----- Records for the task

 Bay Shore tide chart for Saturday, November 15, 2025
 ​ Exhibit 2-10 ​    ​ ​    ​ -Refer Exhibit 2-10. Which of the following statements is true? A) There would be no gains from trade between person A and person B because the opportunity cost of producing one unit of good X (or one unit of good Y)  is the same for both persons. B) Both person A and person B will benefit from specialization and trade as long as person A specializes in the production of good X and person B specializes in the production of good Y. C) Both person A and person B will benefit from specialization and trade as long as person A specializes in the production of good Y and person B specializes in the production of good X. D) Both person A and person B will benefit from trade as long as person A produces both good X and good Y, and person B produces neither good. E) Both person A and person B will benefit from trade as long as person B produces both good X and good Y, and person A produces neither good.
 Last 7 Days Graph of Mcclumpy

----------
----- Records for the task

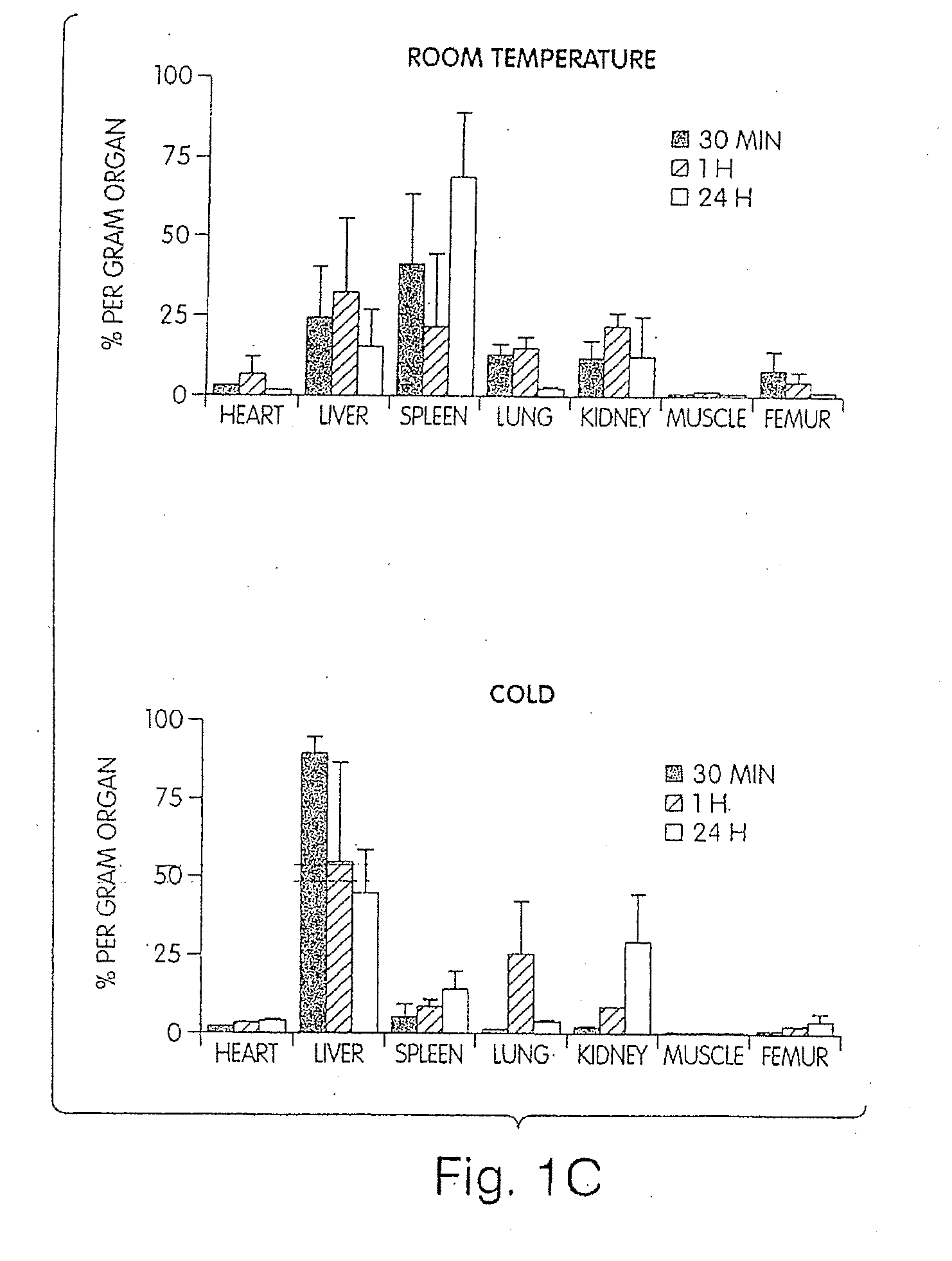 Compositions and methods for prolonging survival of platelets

----------
----- Records for the task

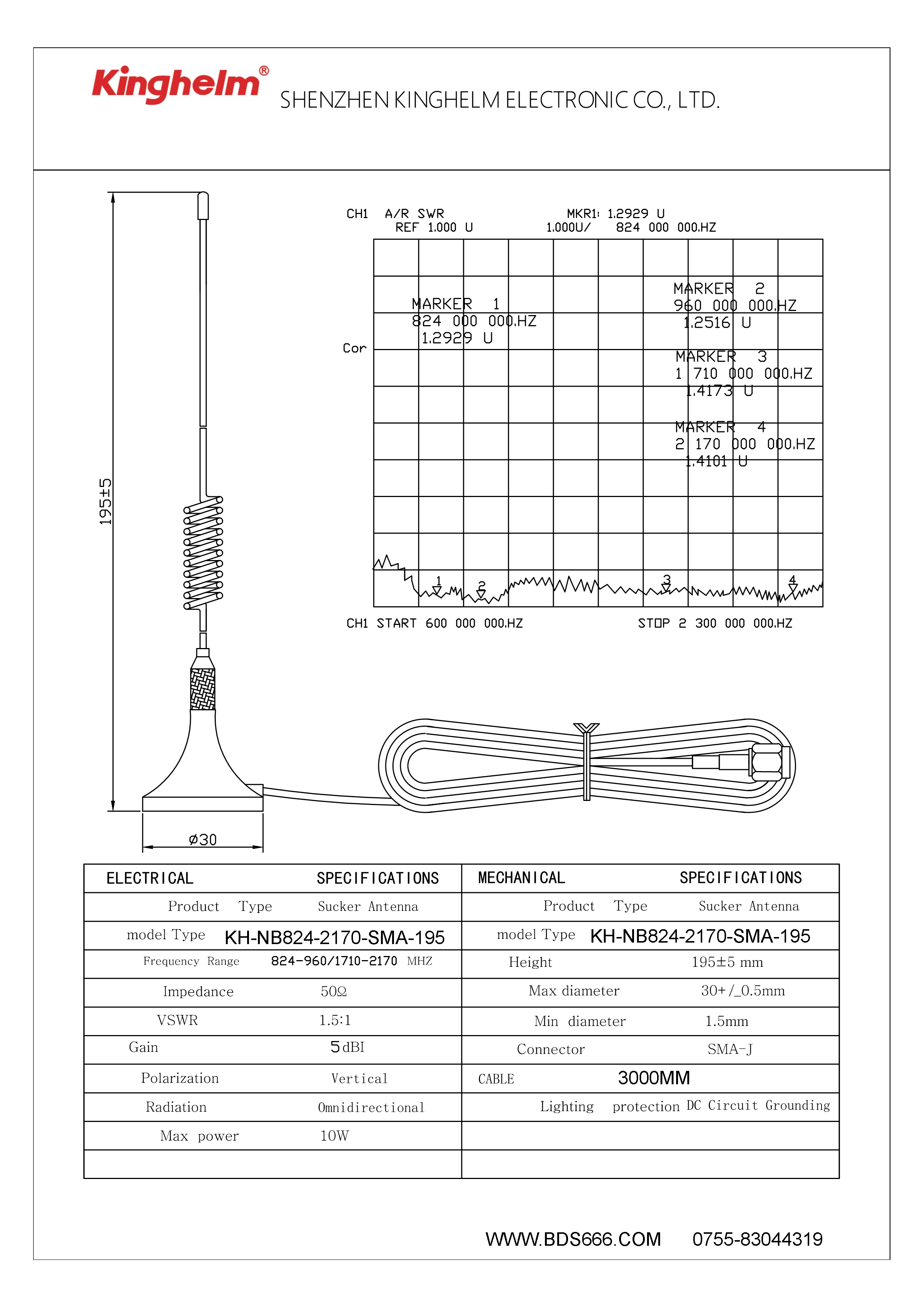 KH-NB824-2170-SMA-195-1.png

----------

* _Task brief_
Working from the data above, extract solely the lines from the one containing "Bay Shore tide" through the one containing "Last 7 Days Graph of Mcclumpy", exactly as they appear, both included.

* _Task result_
 Bay Shore tide chart for Saturday, November 15, 2025
 ​ Exhibit 2-10 ​    ​ ​    ​ -Refer Exhibit 2-10. Which of the following statements is true? A) There would be no gains from trade between person A and person B because the opportunity cost of producing one unit of good X (or one unit of good Y)  is the same for both persons. B) Both person A and person B will benefit from specialization and trade as long as person A specializes in the production of good X and person B specializes in the production of good Y. C) Both person A and person B will benefit from specialization and trade as long as person A specializes in the production of good Y and person B specializes in the production of good X. D) Both person A and person B will benefit from trade as long as person A produces both good X and good Y, and person B produces neither good. E) Both person A and person B will benefit from trade as long as person B produces both good X and good Y, and person A produces neither good.
 Last 7 Days Graph of Mcclumpy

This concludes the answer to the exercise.